--- DATA EXCERPT Enclosed Below ---
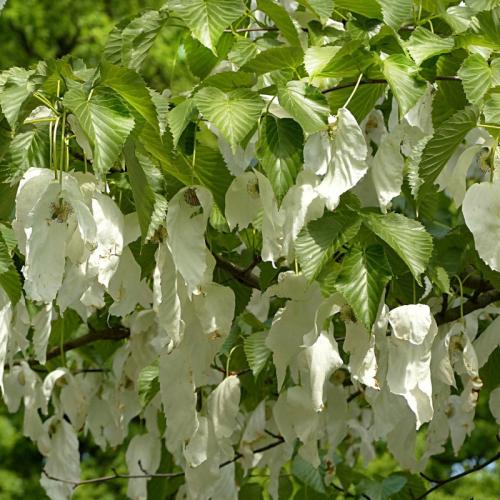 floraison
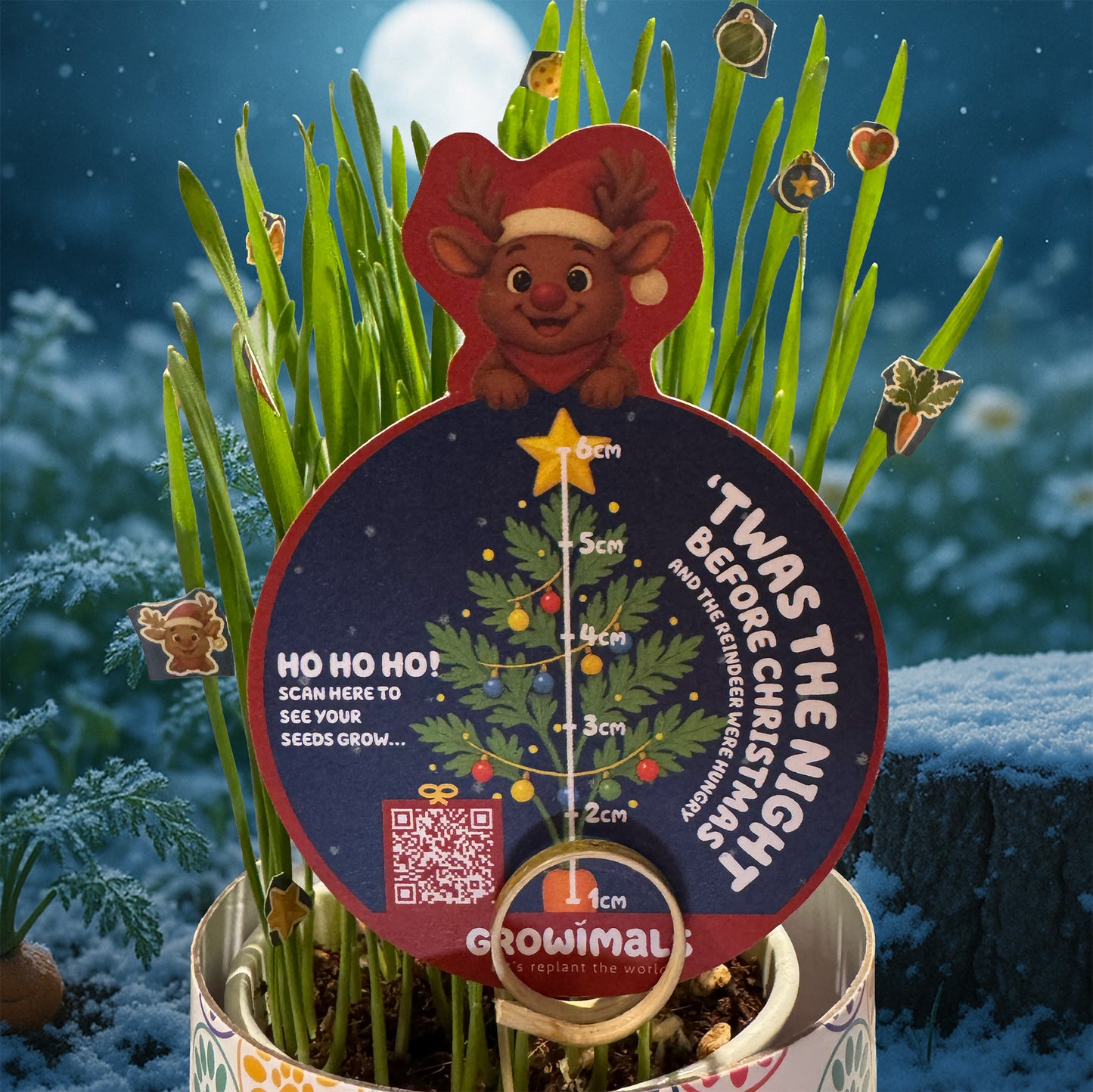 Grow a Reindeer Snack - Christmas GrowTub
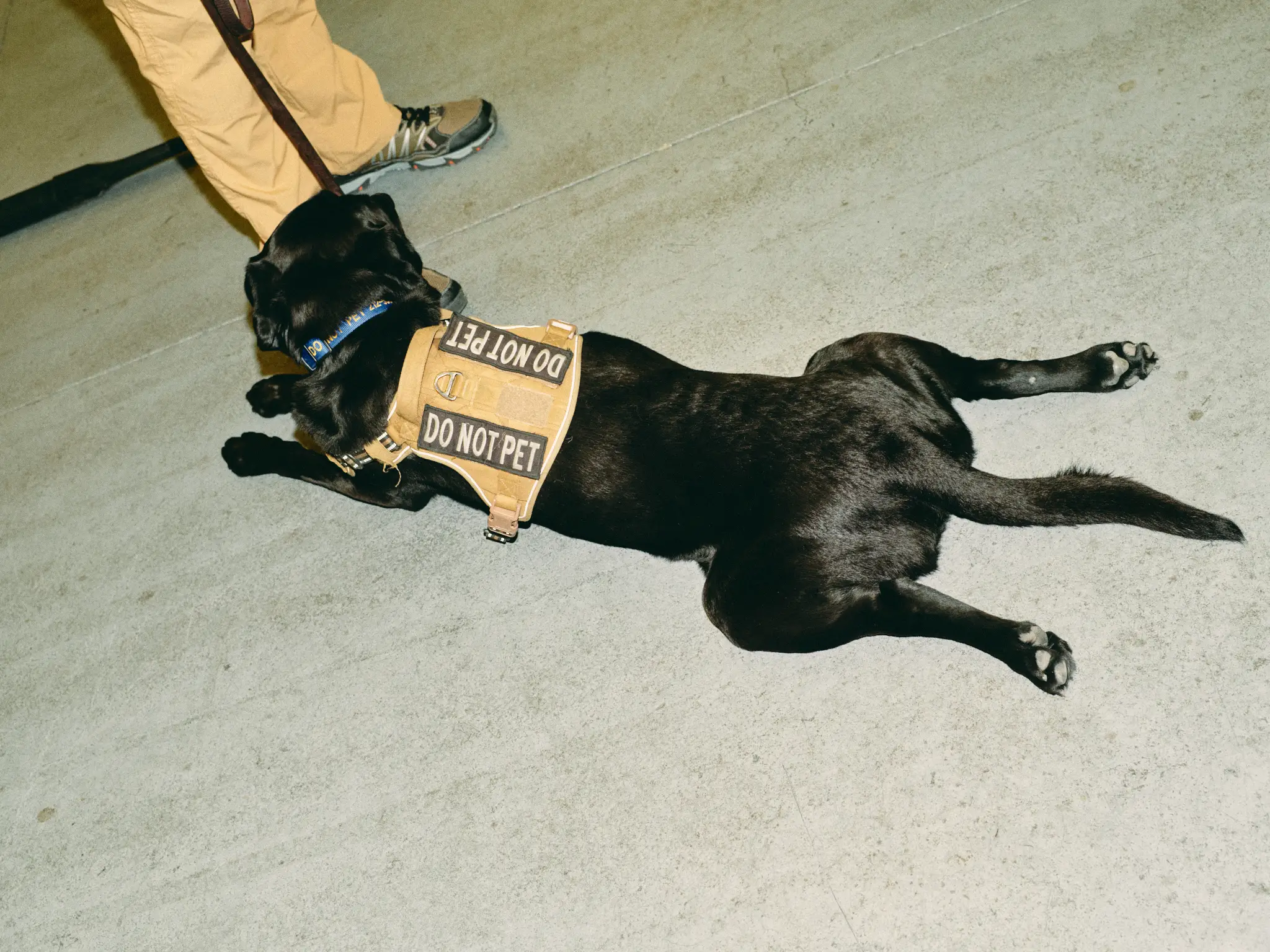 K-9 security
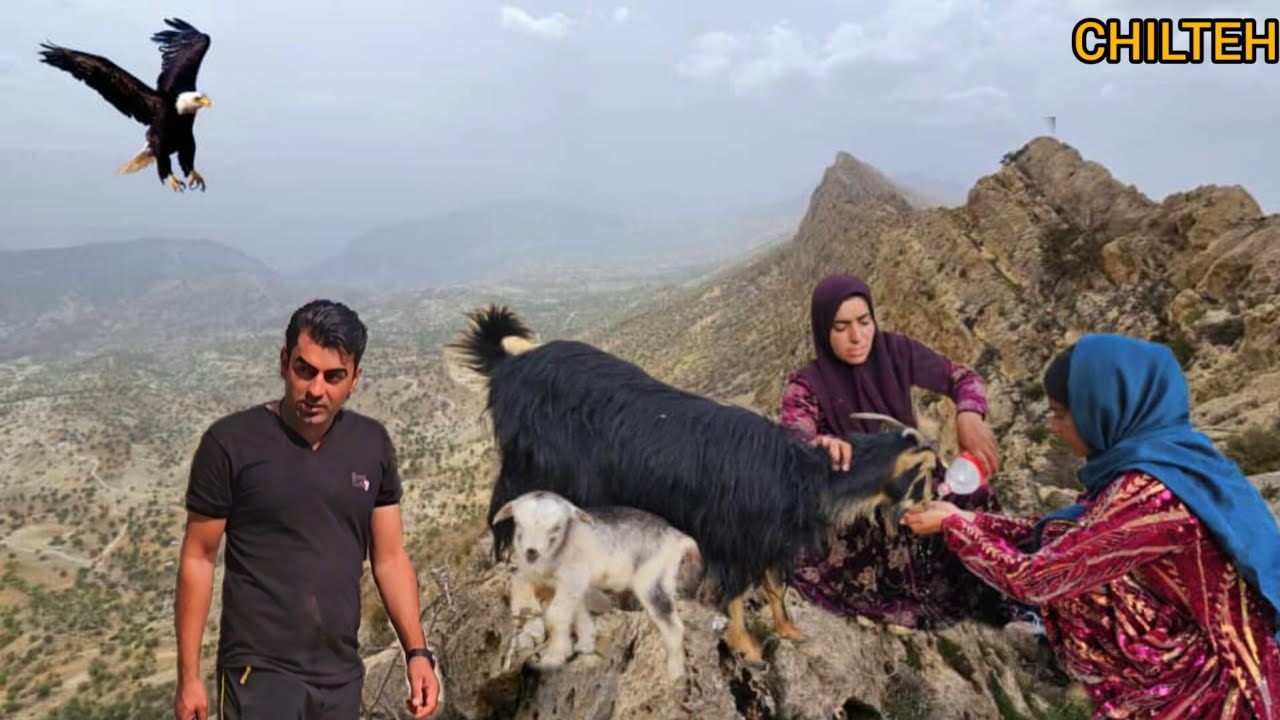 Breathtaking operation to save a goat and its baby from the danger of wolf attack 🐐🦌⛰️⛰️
--- End of Enclosed DATA EXCERPT ---
• TASK TO CARRY OUT
Reproduce the entire listing exactly, except for any pictures it contains.

• RESULT FOR THIS EXERCISE
 floraison
 Grow a Reindeer Snack - Christmas GrowTub
 K-9 security
 Breathtaking operation to save a goat and its baby from the danger of wolf attack 🐐🦌⛰️⛰️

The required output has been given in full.